Martin Mansergh in an article in the Irish Times asks why is it that immigration is suddenly being made an election issue by the opposition parties.
“What has happened to change that attitude? Is Ireland beset with plunging growth, falling wages and soaring unemployment? Are we faced with a situation of force majeure provided for in the terms which we originally agreed? The opposite is the reality. Employment grew last year by a record 89,000 jobs. Unemployment, at slightly above 4 per cent, is the lowest in the EU. Real earnings continue to rise. The steady supply of labour is easing a tightness in the labour market that would otherwise drive up wage inflation and damage competitiveness and jobs….
“To introduce work permits for the few remaining years allowed would suggest a collective failure of nerve. Checking out anecdotal evidence is an entirely inadequate reason for a major u-turn in national economic policy. The extra bureaucracy at taxpayers’ expense would hamper the conduct of business. It would encourage investment, business and jobs to go elsewhere, rather than retard that process. In a short time, it would make the country less prosperous….
“Was a moment’s thought given to what it would do to our relations with Poland and other new member states? Ireland would lose all the goodwill garnered in 2004, and for what? (Bulgaria and Romania, due to join in 2007, with whom we have entered into no such commitments, are a separate issue).
Nothing in the latest medium-term review of the ESRI, which was never a right-wing think-tank, supports such a reversal. Under its high growth scenario, it states that “the additional growth which is made possible by the immigration of skilled labour will enhance the living standards of the population as a whole”.
More generally, it states that the “open labour market gave Ireland a unique advantage and facilitated the rapid convergence to EU living standards witnessed in recent years”. An EU Commission report next week will also present a favourable verdict on our more courageous policy.
Immigration policy in every country is sensitive. That does not mean it should not be discussed. It is very carefully discussed in the latest NESC report. Anything that would encourage or make prejudice more respectable is dangerous. Measures deeply injurious to national welfare should not be canvassed, simply because they strike a popular chord and play up public fears. We have fortunately so far in this country been spared the politics of right-wing xenophobia. The introduction of themes that might nourish it is most unwelcome.
If the Government and the social partners want to do more for the least advantaged section of our indigenous workforce, they can reintroduce flexibility to the community employment schemes as part of the social partnership negotiations.

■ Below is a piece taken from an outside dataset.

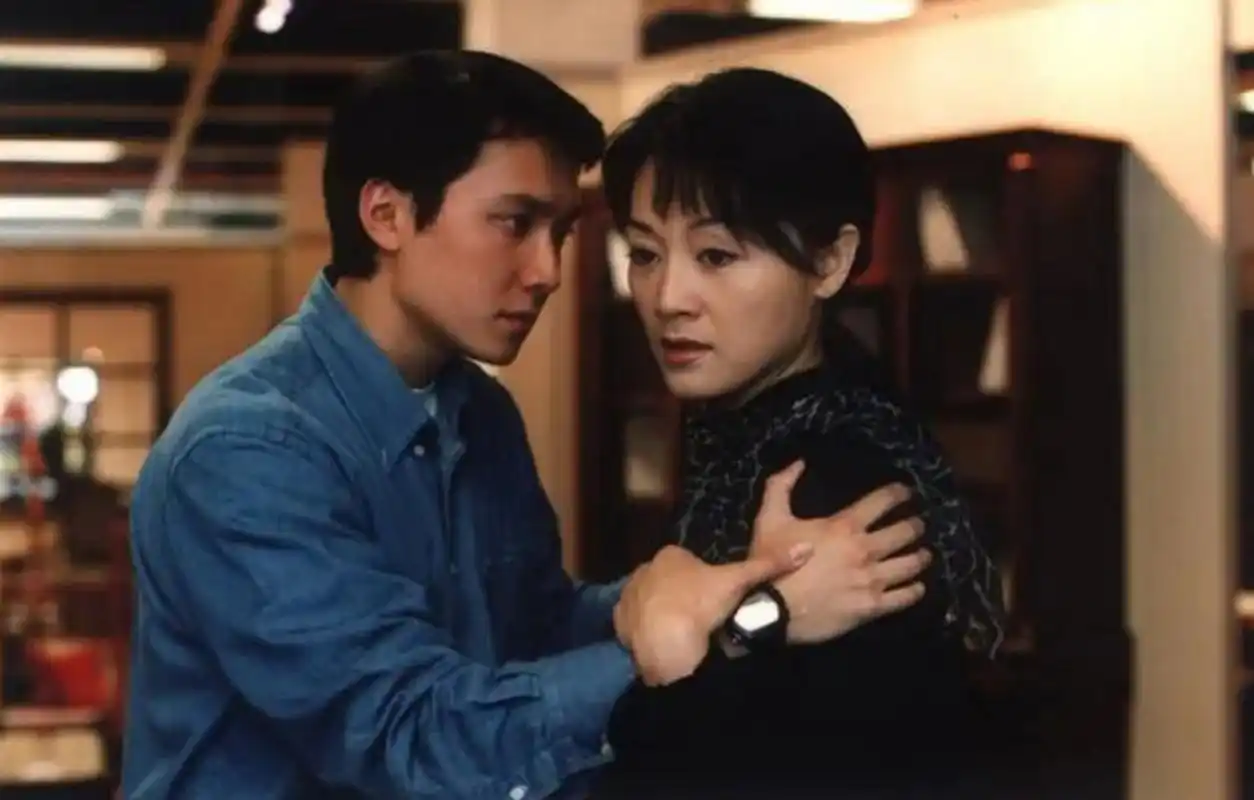 冯绍峰和王姬居然还演过姐弟恋!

The insidious suggestion that work permits should be reconsidered for migrants from new EU member states with the crude reminder that there are 40 million Poles was not a glorious moment in the history of the Irish labour movement, and has little in keeping with the spirit of 1913 or James Connolly, who expressed a particular empathy for Poland. Is a mini-fortress Ireland to displace internationalism as the new dominant ideal? The proposal, which is not being pursued by the trade unions, should be binned.”